Die Fata Mor­ga­na vom kana­di­schen Was­ser­stoff wird es nicht rich­ten. Stu­di­en von Green Pla­net Ener­gy bele­gen: Wür­den Par­la­ment, Kanz­ler und Wirt­schafts-mini­ster end­lich den recht­li­chen Rah­men schaf­fen – statt das Heil in Katar, bei den Sau­dis oder in Neu­fund­land zu suchen – könn­ten bis 2030 fünf grü­ne Giga­watt an Ener­gie regio­nal erzeugt wer­den. Wenn das Wört­chen WENN nicht wäre …
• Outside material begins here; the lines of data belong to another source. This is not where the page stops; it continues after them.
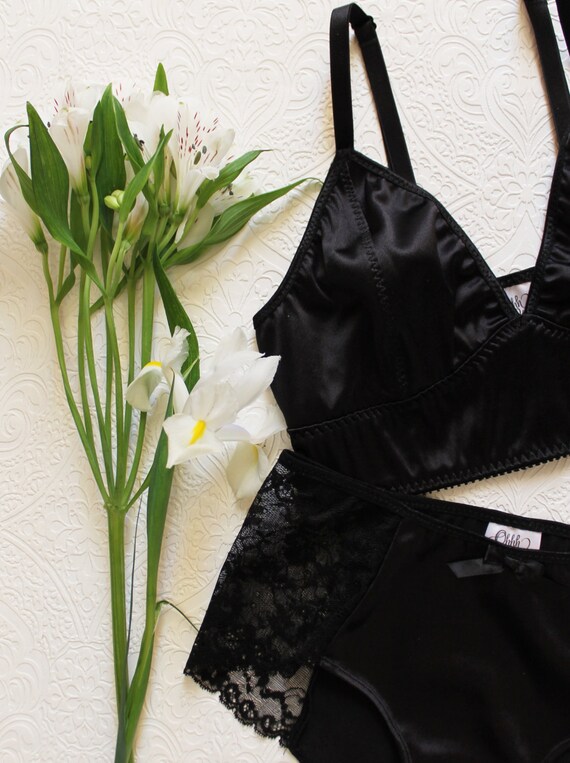 bralette satin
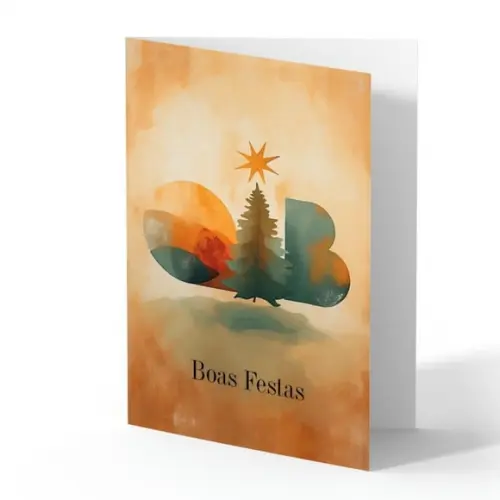 Cartão de Natal Personalizado com Dobra Oab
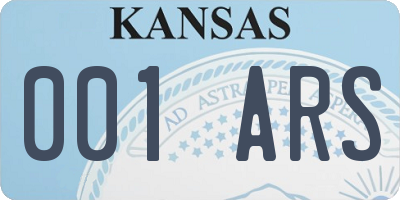 KS license plate 001ARS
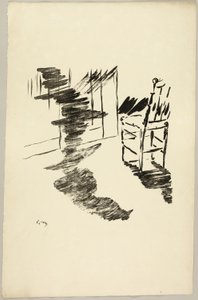 A Cadeira ("Aquela sombra que jaz flutuando no chão..."), de O Corvo (Le Corbeau) de Édouard Manet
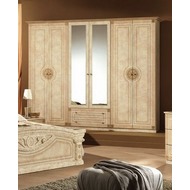 Шкаф с зеркалами Рома  (бежевый, ширина 275 см)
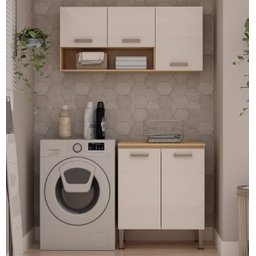 Conjunto Modulado para Lavanderia 3 Peças Cm0064 Linha Acquaflex Genialflex - 4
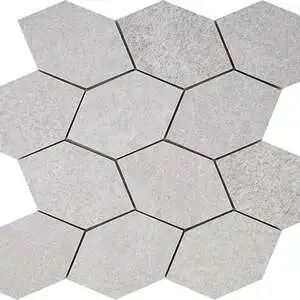 Bedrock White 12"x12" Foliage Mosaic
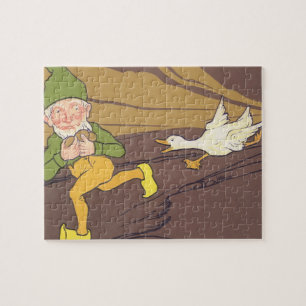 Puzzle Fable d'Ésope vintage Oie qui a pondu l'Œuf d'Or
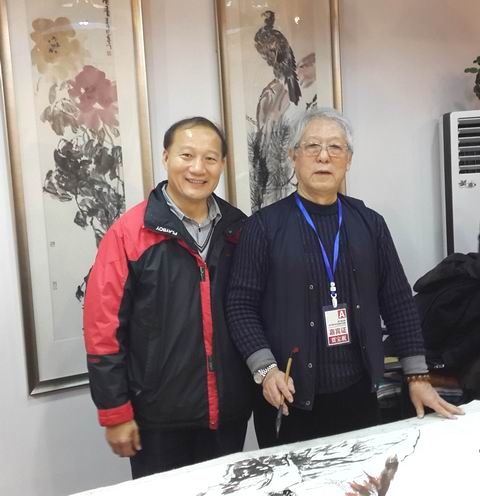 与天津著名画家贾宝眠先生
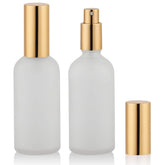 Hydior botella de vidrio con atomizador 3-4oz frente, ideal para perfumes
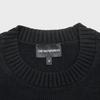 Мужской вязаный свитер Emporio Armani с круглым вырезом и логотипом-орлом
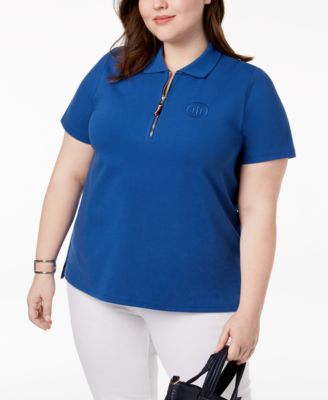 tommy hilfiger plus size polo shirts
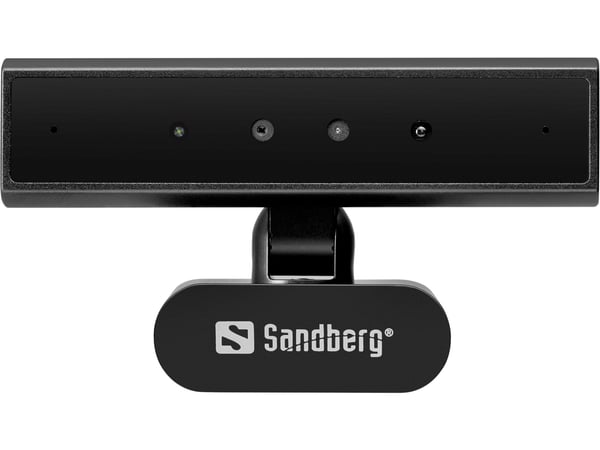 Sandberg Face-ID Webcam Mini Pro  - 5 MP, 2560 x 1440 pixel, 2K Ultra HD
Auch Polen droht ein kal­ter Win­ter. Mini­ster­prä­si­dent Mora­wi­ecki warf bereits im Mai dem nörd­li­chen Nach­barn vor, »unge­rech­te Öl- und Gas­ein­nah­men« zu machen. Dies sei eine »indi­rek­te Aus­beu­tung des von Putin begon­ne­nen Krie­ges«. Laut RT DE sag­te er auf dem Kon­gress des Natio­na­len Jugend­dia­logs sogar: »Aber soll­ten wir Nor­we­gen gigan­ti­sche Sum­men für Gas zah­len – vier- oder fünf­mal mehr als noch vor einem Jahr? Das ist krank.« Recht hat er.

Am vir­tu­el­len Markt­platz Tit­le Trans­fer Faci­li­ty in den Nie­der­lan­den stieg der von dort bestimm­te Preis inner­halb eines Jah­res von 27 auf 321 Euro pro Mega­watt­stun­de. Der Mal­strom der Sank­tio­nen bleibt unbe­re­chen­bar. Auf Gedeih und Ver­derb funk­tio­niert allein die Dik­ta­tur der Marktwirtschaft.

Wer den Scha­den hat, soll­te sich von den Sire­nen­klän­gen des Tri­os Kata­stro­pha­le nicht län­ger in die poli­ti­sche Irre locken lassen.